Calculating pi with Monte Carlo integration

[mjordan2nd]

Hello!

I am taking a computational physics class this semester and just got out of a test. One of the questions provided us with 10 random numbers and asked us to approximate pi. The method I came up with was realizing that

[tex] \int_0^1 \sqrt{1-x^2} dx = \frac{\pi}{4},[/tex]

and then performing this integral numerically. To perform the integral numerically, I plugged in the random values in place of x and evaluated the integrand.
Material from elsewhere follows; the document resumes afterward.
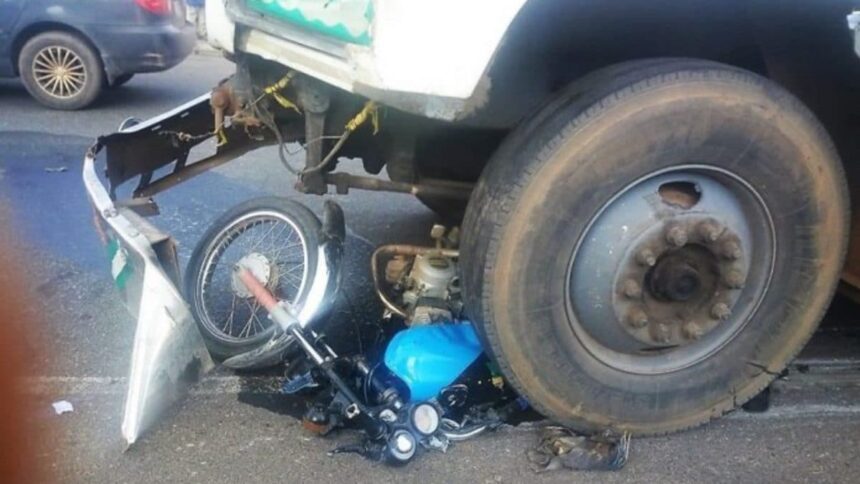 trailer crushes motorcycle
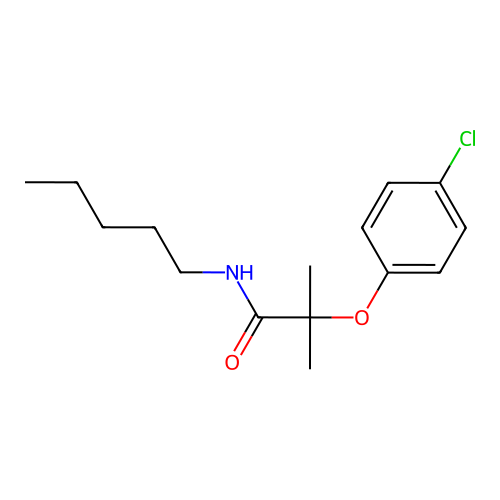 2-(4-chlorophenoxy)-2-methyl-N-pentylpropanamide structure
I then summed up the integrand values for each of the 10 random numbers and divided this value by 10 to give me pi/4. This method game me a value of pi of around 3.49. I figured this was good enough since I only had 10 values. However, I decided to come back and actually code this into the computer. Using java, I wrote the following code:

import java.io.*;
import java.util.*;
import java.math.*;

public class Test
{
	public static void main(String [] args)
	{
		double sum = 0;
		for(int i = 0; i< 100000; i++)
		{
			sum+=Math.sqrt(1-(Math.random() * Math.random()));
		}
		sum = (sum / 100000) * 4;
		System.out.println(sum);
	}
}

However, even with a 100000 random numbers I'm still only getting values of around 3.415. There seems to be some kind of systematic error in my logic, however I can't pinpoint what it is. Any help clearing up this matter would be appreciated.

Thanks.

 

[mjordan2nd]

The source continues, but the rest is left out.